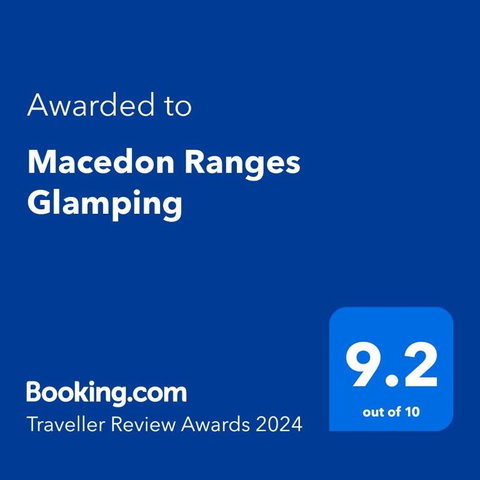 Macedon Ranges Glamping - Mackay Tourism 1
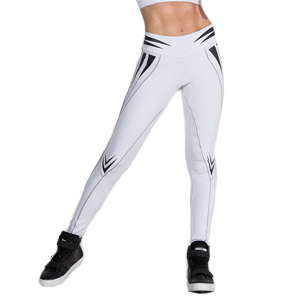 White 02 Pants FCL80205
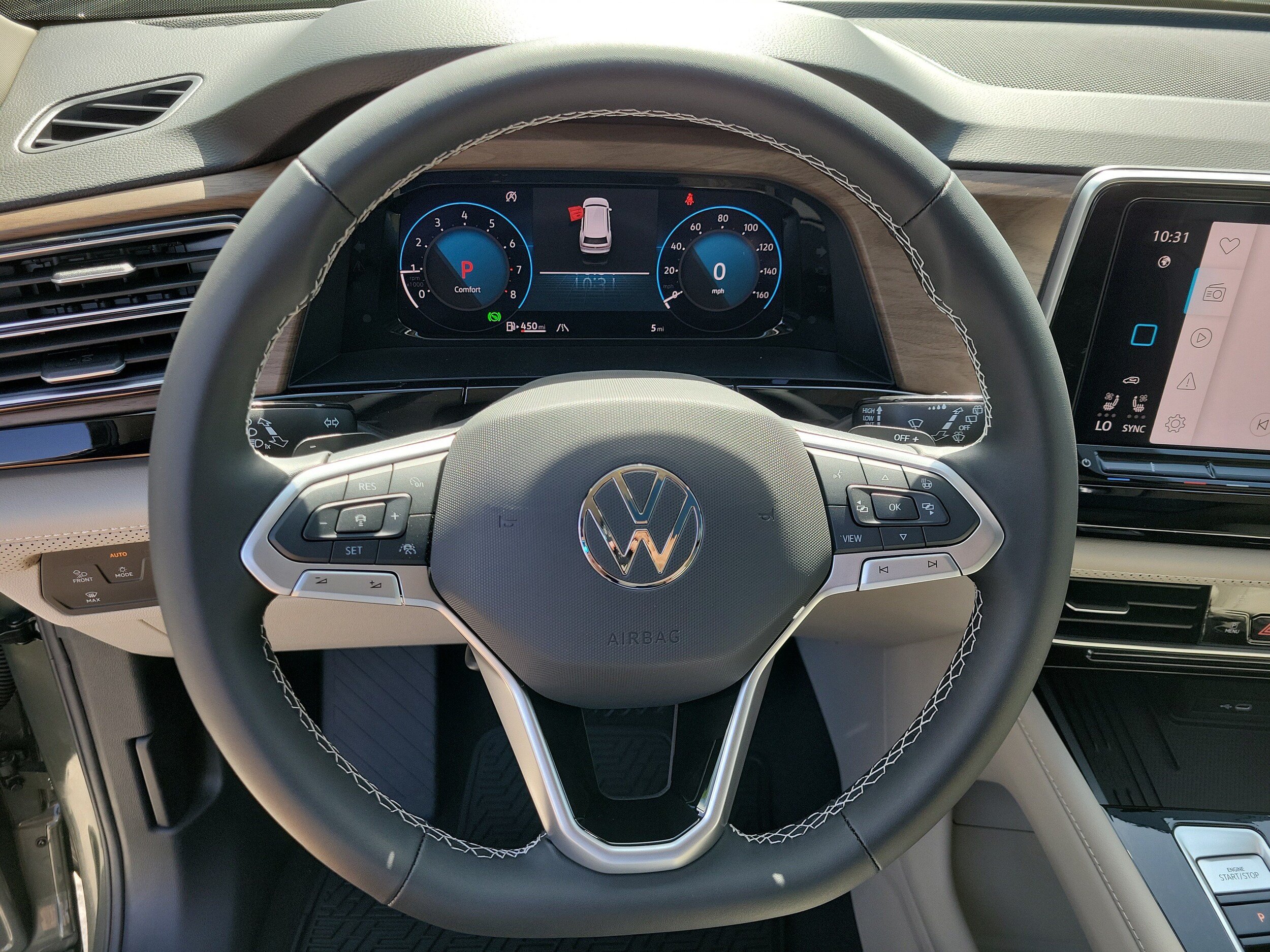 2026 Volkswagen Atlas SE w/Tech - Photo 11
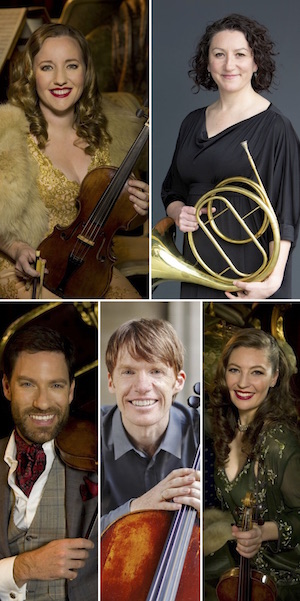 Australian Haydn Ensemble - Postponed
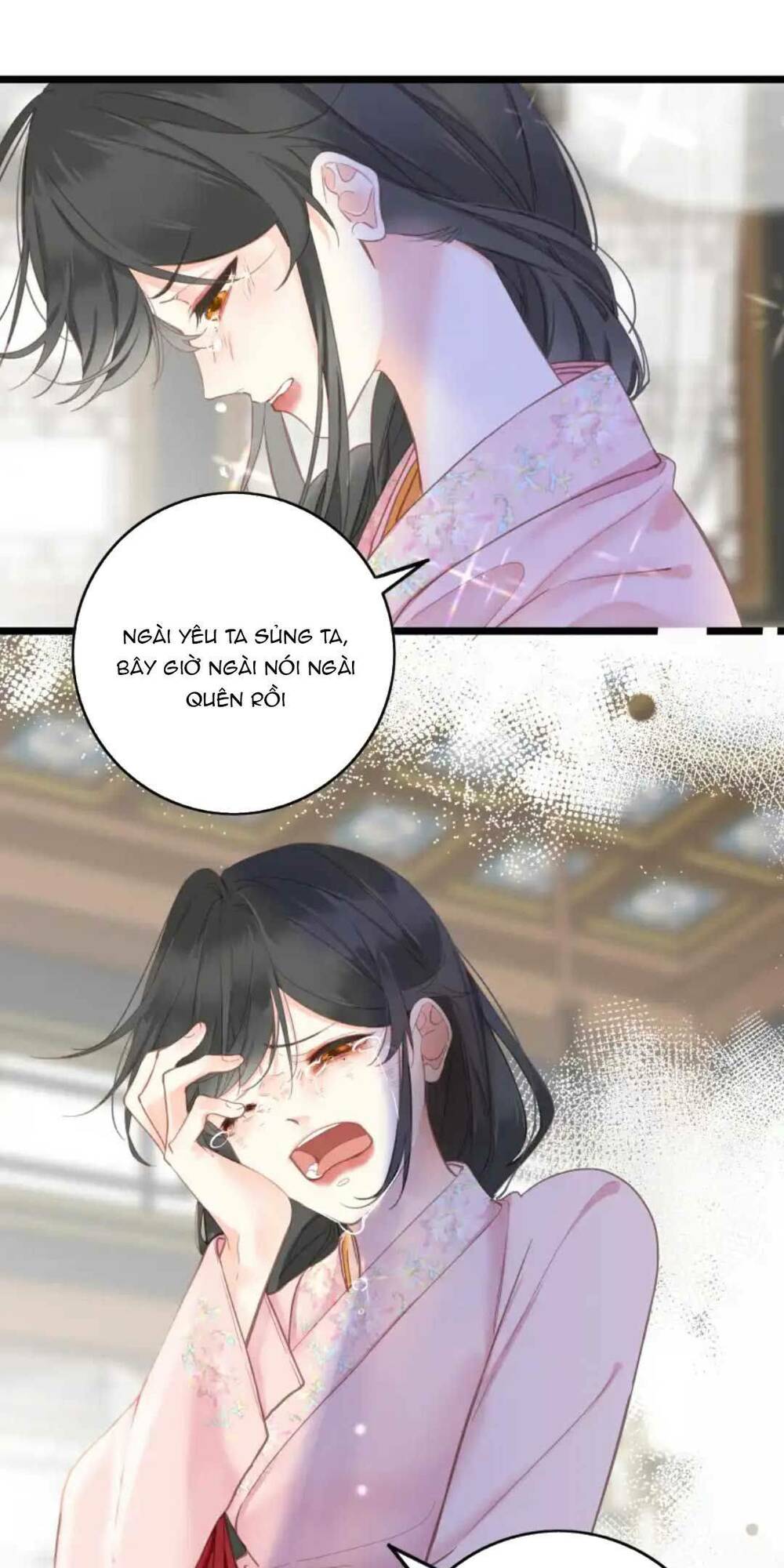 Vương Gia Hắn Luôn Nghĩ Tôi Yêu Hắn Đến Nghiện Chapter 4 - Trang 2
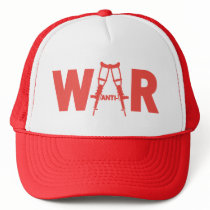 Anti-War Hat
═══
## Brief
Reproduce verbatim every line starting at the line that holds "Australian Haydn Ensemble - Postponed" and ending with the final line of the data; omit the pictures.

## Output of the task
 Australian Haydn Ensemble - Postponed
 Vương Gia Hắn Luôn Nghĩ Tôi Yêu Hắn Đến Nghiện Chapter 4 - Trang 2
 Anti-War Hat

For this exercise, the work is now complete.